--- Data Enclosed Below ---

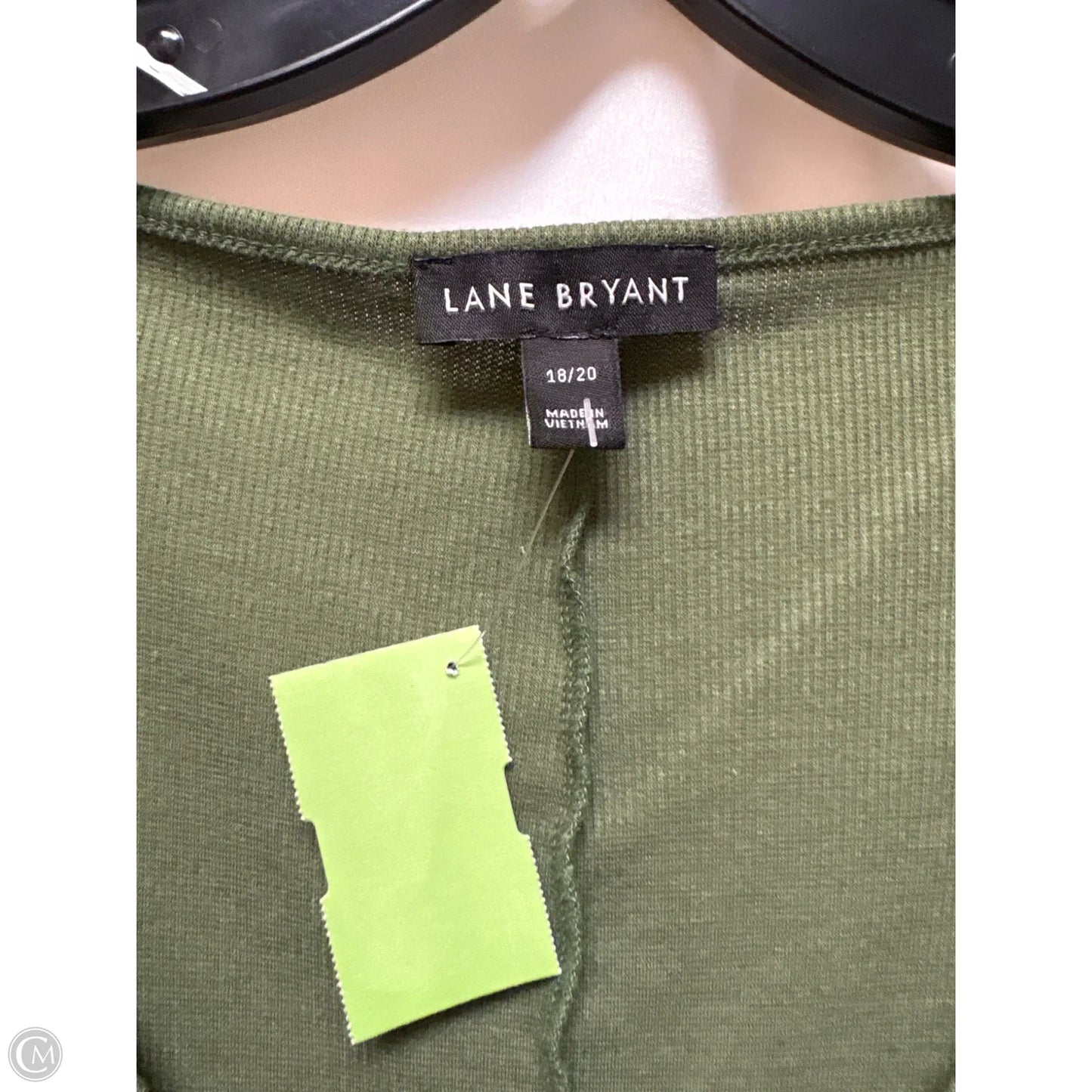 Dress Casual Maxi By Lane Bryant In Green, Size: 1x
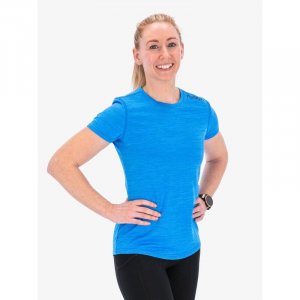 Женская футболка FUSION C3, для бега, тренировочная рубашка, цвет blau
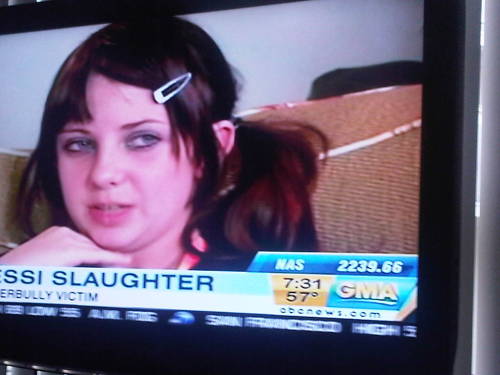 jenaldmauricio:  This bitch is on my TV 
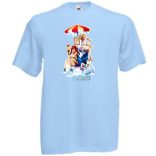 Humor Frozen Ice - Fagyizó Anna Elsa Olaf gyerek rövid ujjú póló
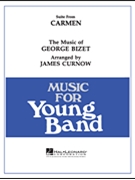 Carmen Suite From by Bizet Georges - Curnow - for Concert Band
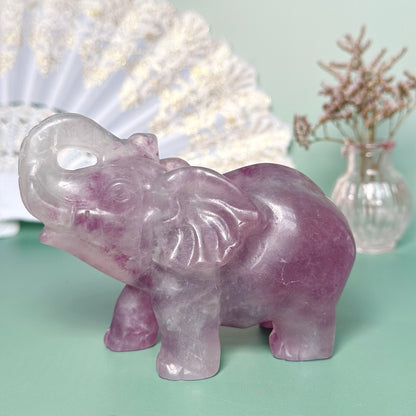 Statement Fluorite Elephant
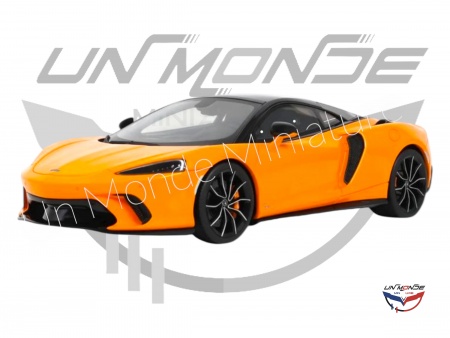 McLaren GTS 2025 Orange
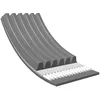 Image de MEYLE Courroie à nervures trapézoïdales 0500061250 Compatible avec: CHRYSLER VOYAGER IV, DODGE CARAVAN, OPEL ASTRA G Caravan, ASTRA G CC, ASTRA G Kasten/Kombi, ASTRA G Stufenheck, ASTRA H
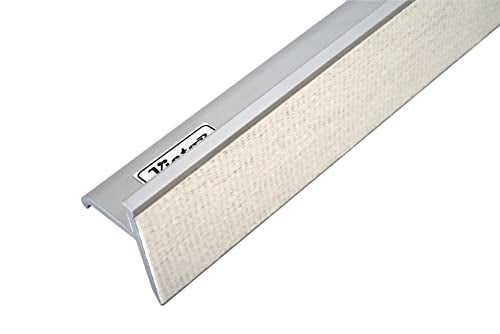 Victor 24-Inch Professional Aluminum Safety Ruler with Finger Guard Edge and Non-Slip Base - Perfect for Accurate Cutting and Crafting - Durable Cutting Ruler for Safe Use - Image 3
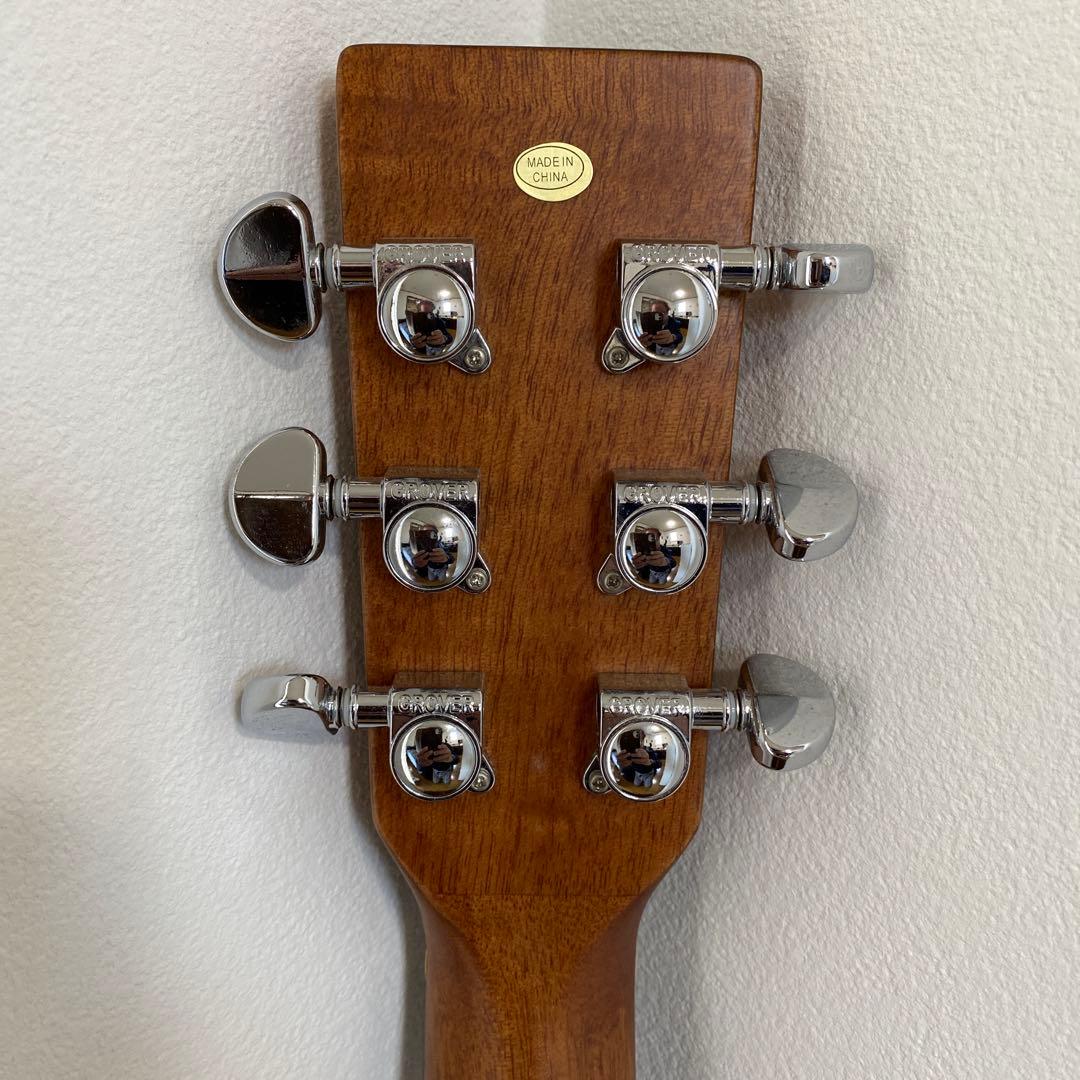 STAFFORD SF-200F-N 黒澤楽器 アコースティックギター ケース付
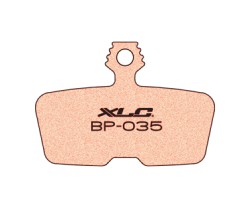 Levyjarrupalat XLC Disc Brake Pad BP-S35 For Avid Code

--- End of Enclosed Data ---

§ **Exercise goal**:
When you reach the line that contains "Victor 24-Inch Professional" in the records above, copy it and every line after it exactly through the last one, leaving out the pictures.

§ **The answer**:
 Victor 24-Inch Professional Aluminum Safety Ruler with Finger Guard Edge and Non-Slip Base - Perfect for Accurate Cutting and Crafting - Durable Cutting Ruler for Safe Use - Image 3
 STAFFORD SF-200F-N 黒澤楽器 アコースティックギター ケース付
 Levyjarrupalat XLC Disc Brake Pad BP-S35 For Avid Code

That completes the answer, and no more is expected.